Os charlatães sempre nos surpreendem com a audácia de suas mentiras. Mas mais surpreendente ainda é que, na prática, eles sempre conseguem atrair incautos que acreditam neles. É comum supor que as vítimas mais vulneráveis de charlatães e golpistas sejam pessoas ingênuas e desinformadas. Mas não é assim. Não se pode qualificar de incautos ou desinformados os ex-secretários de Estado dos EUA Henry Kissinger e George Schultz, ou os ex-chefes do Pentágono Bill Perry e general Jim Mattis, ou o empresário Rupert Murdoch, por exemplo. Eles são apenas alguns dos notáveis que foram persuadidos por Elizabeth Holmes, uma moça de 19 anos, a investir em sua nova empresa, a Theranos. Segundo ela, a empresa revolucionaria a forma de fazer exames de sangue e encheria de lucros seus acionistas. Holmes arrecadou 700 milhões de dólares (cerca de 2,3 bilhões de reais) com uma rodada inicial de investidores que continuaram a injetar capital até o valor da empresa chegar a 10 bilhões de dólares (45 bilhões de reais).

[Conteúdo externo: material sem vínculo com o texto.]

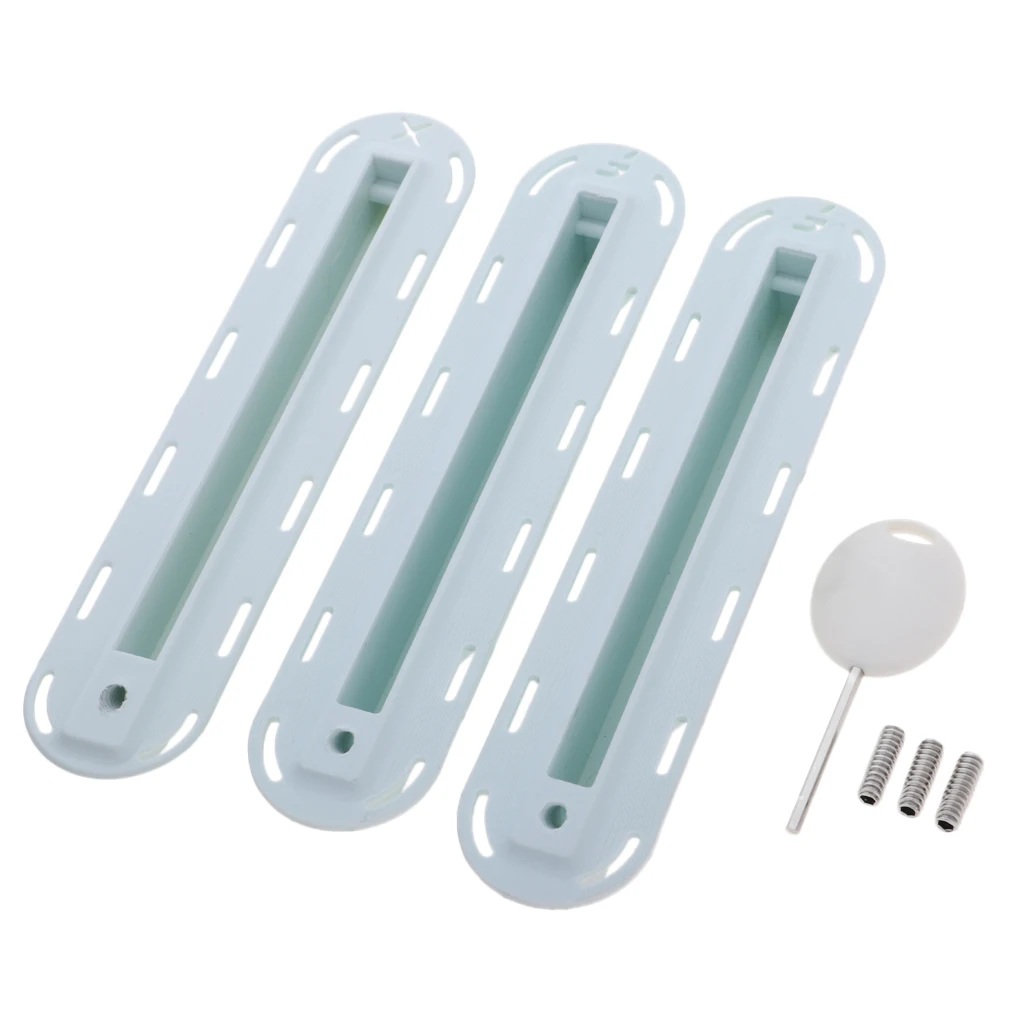 White as described 3 шт./компл. будущее Tri плавники коробка серфинга доска для серфинга пластиковый штепсель с крепежными винтами набор ключей для серфинга SUP винт доски для серфинга плавники доски для серфинга - Цвет: White as described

Era tudo mentira. Holmes não tinha a tecnologia que afirmava ter. Manteve a Theranos à tona por mais de uma década mentindo para investidores, clientes, funcionários, agências governamentais e jornalistas. Holmes perdeu tudo e enfrenta vários processos que podem levá-la para a cadeia.
O outro exemplo icônico de um charlatão que usou a ganância de seus clientes para enganá-los é Bernard Madoff, que ofereceu retornos suculentos àqueles que lhe confiaram suas economias. Ao ser descoberto, teve que pagar uma multa de mais de 17 bilhões de dólares (77 bilhões de reais) e está cumprindo uma pena de 150 anos de prisão.
Mas nem os charlatães religiosos nem financeiros são os mais perigosos. Os que mais nos ameaçam são os charlatães políticos que chegam ao poder enganando seus eleitores com promessas que não podem ser cumpridas, diagnósticos falsos e políticas que acabam prejudicando a todos nós. Estamos vivendo uma era de ouro para os charlatães que, ajudados pela Internet, dizem às sociedades confusas e ansiosas o que elas querem ouvir. As mudanças sem precedentes no clima, na tecnologia, no trabalho, na economia, na política, nos valores, na segurança, criam grandes oportunidades para a demagogia.
Os seguidores que dão poder aos charlatães da política causam muito mais danos a todos nós do que os próprios charlatães.